To evaluate treatment alternatives fully, all of the costs and effects of a treatment should have a chance to emerge. Domino et al. used the data available to them, outcomes and costs at 12 weeks, but many clinicians would consider this a very short period of time in which to make a decision about the utility of an intervention, especially if the disorder being studied is likely to result in longer periods of symptoms or if the effects of the intervention may not be seen until later. Indeed, a recent publication of follow-up TADS data reveals a somewhat different outcome. At 36 weeks, combination therapy continued to show better outcomes (86% improvement on the Children’s Depression Rating Scale—Revised), but improvement with CBT alone (81%) was similar to fluoxetine alone (81%) (4).
In addition, another important potential outcome measure, suicidal ideation, appears to be more prominent in those who are taking fluoxetine alone.
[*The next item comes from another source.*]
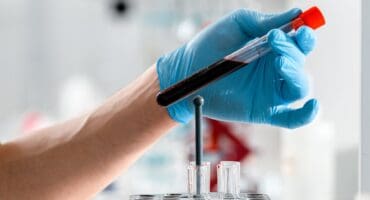A medical professional holds a vile of blood for testing. Photo: Pexels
If a longer study period showed even more improvement with CBT than fluoxetine and the incidence of suicidal ideation and problematic medical side effects became more prominent in those patients taking fluoxetine alone, then calculations for QALYs would change considerably and cost-effectiveness could change in favor of CBT. This highlights the problem of basing cost-effectiveness decisions on short-term data for conditions likely to be chronic and in need of long-term interventions, which have variable effects over time on health and functional status.
Recent studies from outside the United States also indicate uncertainty about the relative cost-effectiveness of various interventions for depressed adolescents. Although there are differences in the participants and study design, a recent British study of depression in adolescents reported no difference in the effectiveness of fluoxetine alone compared with a combination of fluoxetine and CBT (5). An analysis of the cost-effectiveness of the interventions at 28 weeks showed no advantage to combination therapy versus fluoxetine alone (6). However, an Australian study of children and adolescents reported that CBT alone was more cost-effective than antidepressant medications (7). Thus, it appears this issue remains unresolved.
Domino and colleagues have provided an important addition to the continuing development of the field of cost-effectiveness studies in children with mental illness. Interim results from one study cannot be expected to resolve all the questions that parents, clinicians, and policymakers have about which interventions are the most cost-effective for depressed adolescents. Further results from TADS and a critical assessment of findings from other studies will bring us closer to useful answers. Some of us were involved in the development of research recommendations issued almost a decade ago in a report from the National Institute of Mental Health (NIMH) (8). We noted then the critical need for the development and improvement of measures and methods to determine the cost-effectiveness of clinical interventions. Today more than ever, NIMH and other federal research agencies should expand efforts to ensure the field develops methods to assess these critical questions of cost-effectiveness. Bridging research and practice requires providing policymakers with reliable estimates of the relative cost-effectiveness of treatment alternatives.